My academic musings.

Friday, September 4, 2009

Prelim Proposal

Well, that was a long drought and I've regretted not keeping up with the blogging, since prelims continue to loom over my head as we get closer and closer to November (my expected date for the exams). I'm nervous, but more importantly I'm stressed and frustrated trying to get the proposal written.

So far, I'm framing the discussion about what freshman composition should be and what work it should do. I'm really not sure of the answer to that question, but I believe that, especially in the context of new media, freshman composition ought to respond to multiliteracies and everyday practices. Hence, the focus of my proposal.

But I'm really struggling about how to make this all fit. I know invention fits, since invention deals with generating ideas. I view invention as involving all the 5 canons of rhetoric; and think it needs to be revised in order to include all these acts within it. Perhaps McKeon's architectonic productive art? Really, though, invention relates to the teaching of writing in new media concepts because I believe all modes can be used as sites for invention, and often times heuristics that have little to do with writing have been used.

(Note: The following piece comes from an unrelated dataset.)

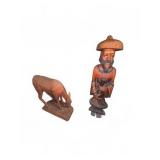 2 Wood Carved Statues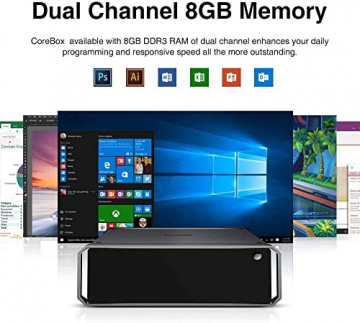 CHUWI CoreBox Windows 10 Mini PC, Intel Core i5-8259U Mini Desktop PC, 16GB DDR4 256GB SSD, erweiterbar 2TB 2,5 Zoll HDD, 2,4 GHz / 5 GHz Dual WiFi/Gigabit Ethernet / 4K Decodierung /BT4.2 ✪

For instance, heuristics that ask writers to describe an idea in terms of a person, or collect "samples" from different modes/media/etc have often been used to generate ideas and compose essays. Theories of invention can help us think about the potentials of/for new media in the classroom, and suggest -- like Gregory Ulmer -- that new media is/can be a rhetoric of invention anyway (i.e. hypertext promotes the reader making connections and generating a text on her own).

So that's that. But then I'm not sure how to connect experimental, personal, and digital composing. The only link I can see at this point is that they all approach writing from an alternative -- resistant?-- approach to "traditional" models of composing. Personal writing is just that: writing about personal experience in ways to resist, or enhance, academic paradigms; experimental writing can be digital, personal, or otherwise, and it often uses different modes or styles of writing to compose. And, of course, digital composing itself uses digital technologies to compose various texts: essays with images/sounds, videos, photos, drawings, websites, etc. Many discussions about digital composing center on questions of literacy/literacies, and how different modes offer different power relations and bodily experiences. In addition, I've seen a lot of digital/new media texts discuss the role of rhetoric as an integral one; that is, people like Jody Shipka, Anne Wysocki, Stuart Selber, and others seem to envision digital technologies as steeped in questions about audience, purpose, and contexts. If students understand rhetorical principles, they can better compose multimedia digital texts.

Now, I'm wondering if print-based technologies are entirely useless now, or if not useless, painfully out of vogue. But mostly I'm wondering if we can import ideas from digital/multimedia composing to print composing, and vice versa. How can new media texts benefit from being juxtaposed with print-based texts? Or is there no reconciliation?